- Task item
Pictures aside, repeat every entry exactly.

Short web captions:
*** Block opens ***

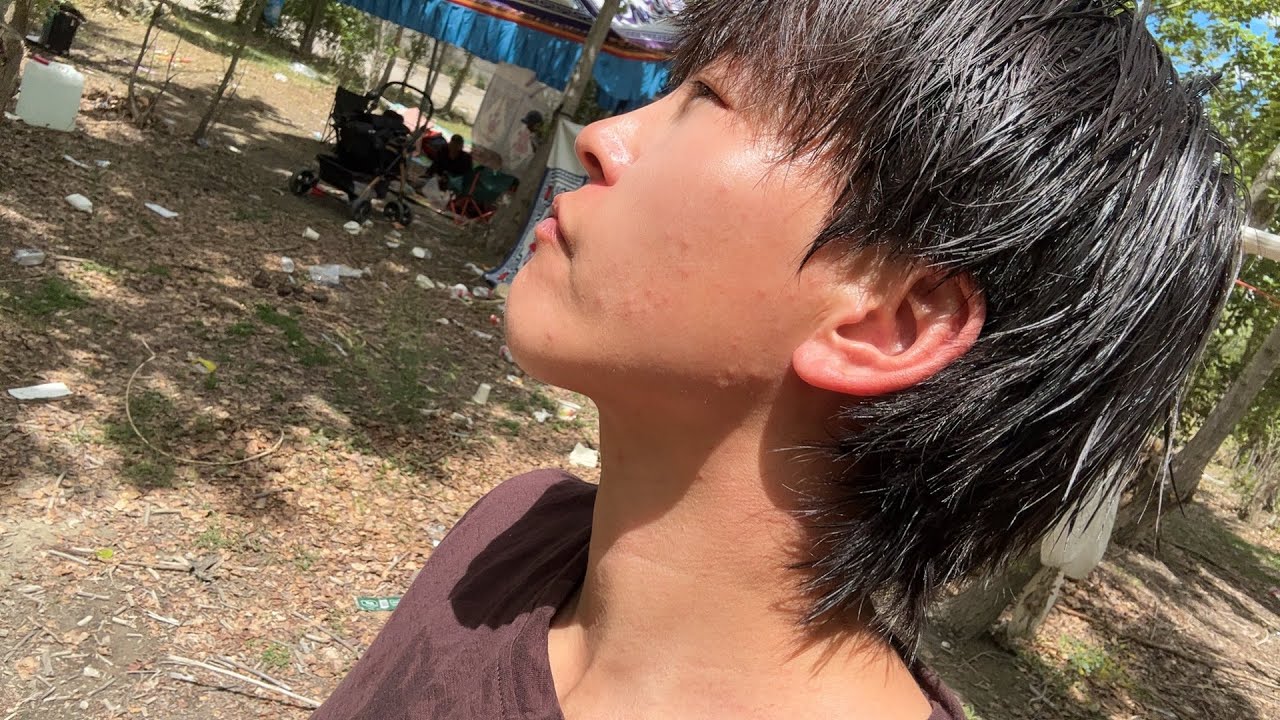 30岁女生还长青春痘吗？没成想骑行西藏毁容了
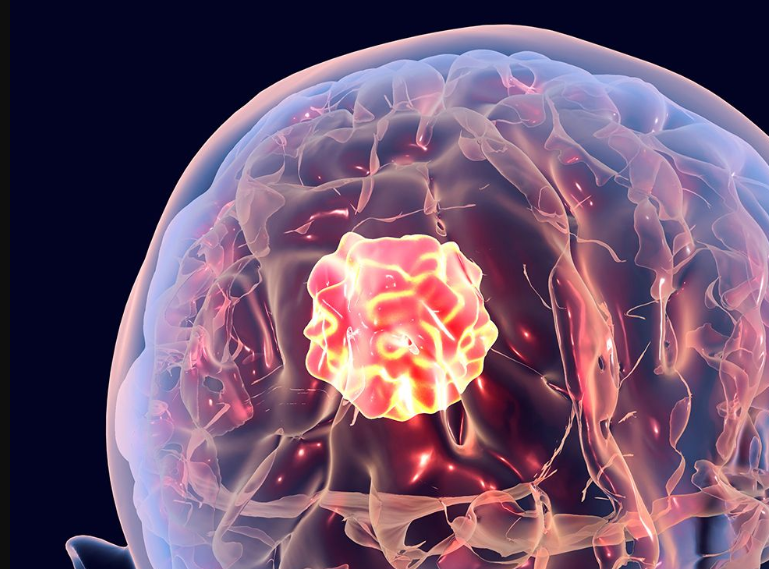 FDA接受Padcev Plus Keytruda用于某些膀胱癌症患者的申请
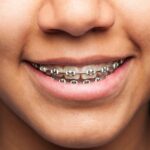Teeth Alignment for missing teeth
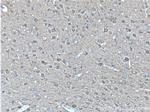 NSE/ENO2 Antibody in Immunohistochemistry (Paraffin) (IHC (P))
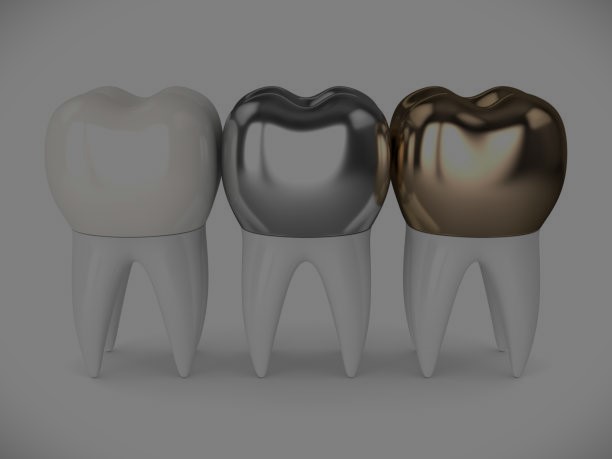 Learn more about crowns and bridges at Dental Professionals of Spring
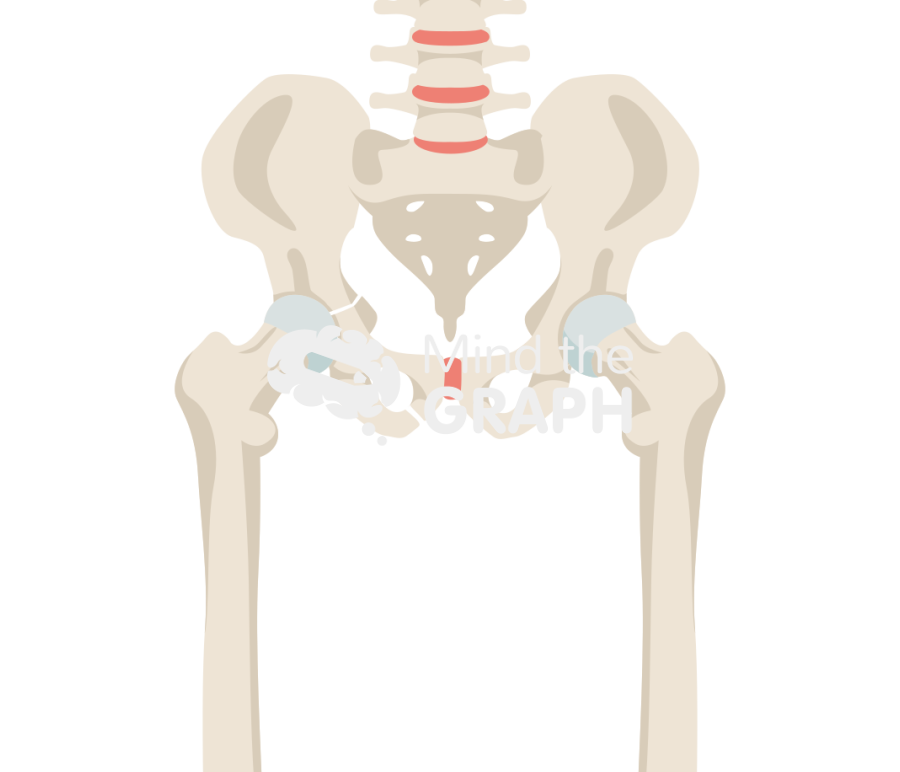Acetabular fracture 2 bone full Icons, Symbols, Pictures, and Images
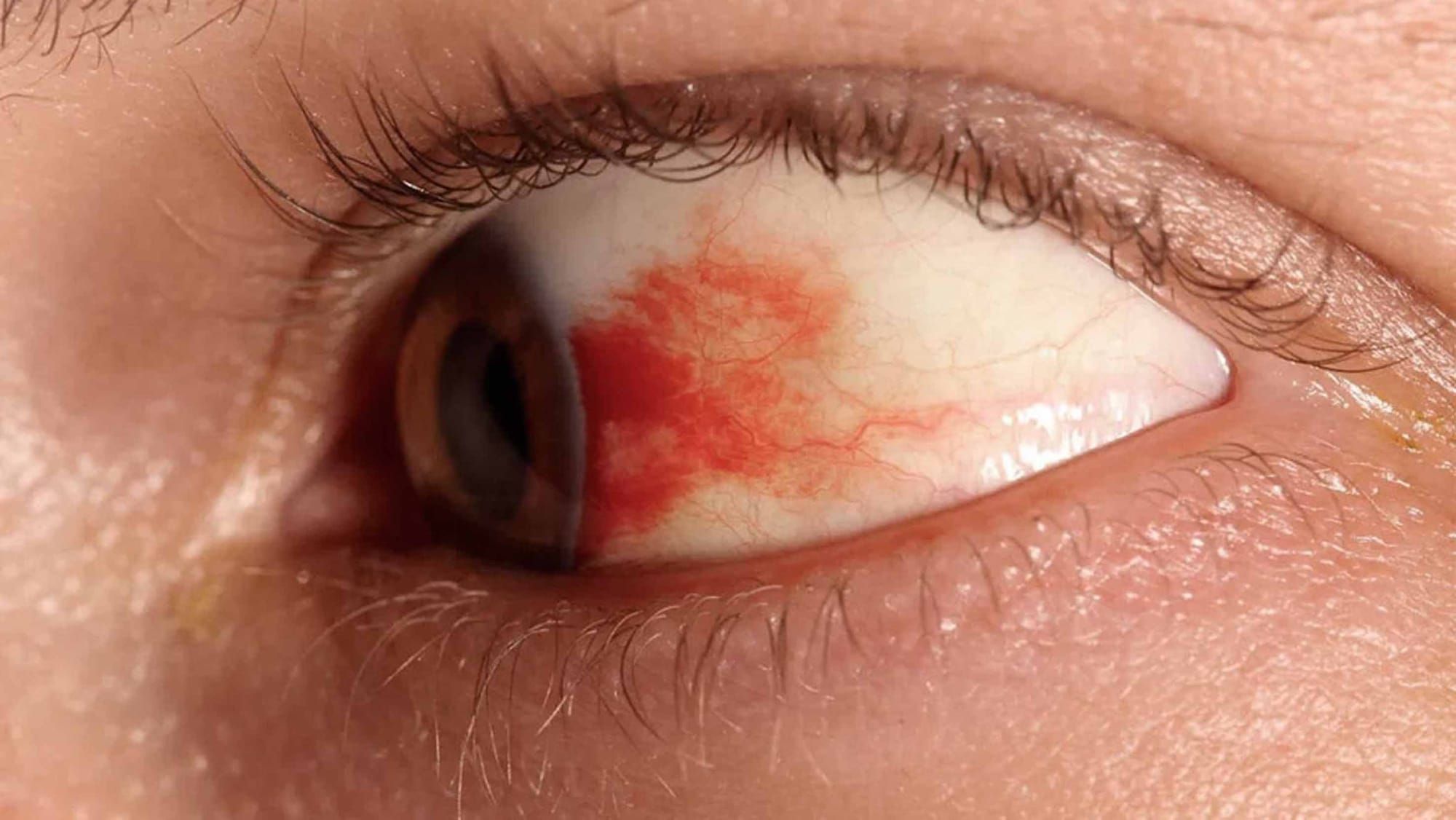Desarrolla la UNAM gotas oftálmicas para prevenir la pérdida de visión en personas con diabetes
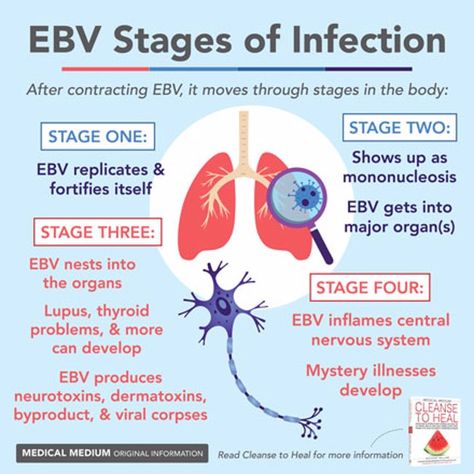 Medical Medium Blog Epstein Barr, Gut Problems, Histamine Intolerance, Anthony William, Brain Facts, Health Topics, Medical Medium, Medical Research, Functional Medicine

*** Block closes ***

- Task result
 30岁女生还长青春痘吗？没成想骑行西藏毁容了
 FDA接受Padcev Plus Keytruda用于某些膀胱癌症患者的申请
Teeth Alignment for missing teeth
 NSE/ENO2 Antibody in Immunohistochemistry (Paraffin) (IHC (P))
 Learn more about crowns and bridges at Dental Professionals of Spring
Acetabular fracture 2 bone full Icons, Symbols, Pictures, and Images
Desarrolla la UNAM gotas oftálmicas para prevenir la pérdida de visión en personas con diabetes
 Medical Medium Blog Epstein Barr, Gut Problems, Histamine Intolerance, Anthony William, Brain Facts, Health Topics, Medical Medium, Medical Research, Functional Medicine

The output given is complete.